→ What to work on
Output the listing below, keeping each line exactly as it stands.

--- Data for this task Enclosed Below ---

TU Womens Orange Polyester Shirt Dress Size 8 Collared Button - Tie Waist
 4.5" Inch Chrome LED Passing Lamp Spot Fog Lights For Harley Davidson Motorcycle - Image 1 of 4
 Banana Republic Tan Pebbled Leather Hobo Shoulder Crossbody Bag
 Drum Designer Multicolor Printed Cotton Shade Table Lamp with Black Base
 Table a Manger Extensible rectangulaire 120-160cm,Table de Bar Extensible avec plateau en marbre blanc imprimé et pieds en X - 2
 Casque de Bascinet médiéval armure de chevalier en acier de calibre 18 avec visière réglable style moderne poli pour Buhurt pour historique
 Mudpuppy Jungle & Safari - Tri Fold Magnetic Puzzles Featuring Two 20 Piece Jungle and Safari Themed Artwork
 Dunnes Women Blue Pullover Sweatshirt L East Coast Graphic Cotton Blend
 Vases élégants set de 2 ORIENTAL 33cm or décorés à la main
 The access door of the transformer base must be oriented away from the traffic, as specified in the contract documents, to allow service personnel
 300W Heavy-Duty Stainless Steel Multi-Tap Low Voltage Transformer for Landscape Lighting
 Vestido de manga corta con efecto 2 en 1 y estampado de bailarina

--- End of Enclosed Data for this task ---

→ Answer space
TU Womens Orange Polyester Shirt Dress Size 8 Collared Button - Tie Waist
 4.5" Inch Chrome LED Passing Lamp Spot Fog Lights For Harley Davidson Motorcycle - Image 1 of 4
 Banana Republic Tan Pebbled Leather Hobo Shoulder Crossbody Bag
 Drum Designer Multicolor Printed Cotton Shade Table Lamp with Black Base
 Table a Manger Extensible rectangulaire 120-160cm,Table de Bar Extensible avec plateau en marbre blanc imprimé et pieds en X - 2
 Casque de Bascinet médiéval armure de chevalier en acier de calibre 18 avec visière réglable style moderne poli pour Buhurt pour historique
 Mudpuppy Jungle & Safari - Tri Fold Magnetic Puzzles Featuring Two 20 Piece Jungle and Safari Themed Artwork
 Dunnes Women Blue Pullover Sweatshirt L East Coast Graphic Cotton Blend
 Vases élégants set de 2 ORIENTAL 33cm or décorés à la main
 The access door of the transformer base must be oriented away from the traffic, as specified in the contract documents, to allow service personnel
 300W Heavy-Duty Stainless Steel Multi-Tap Low Voltage Transformer for Landscape Lighting
 Vestido de manga corta con efecto 2 en 1 y estampado de bailarina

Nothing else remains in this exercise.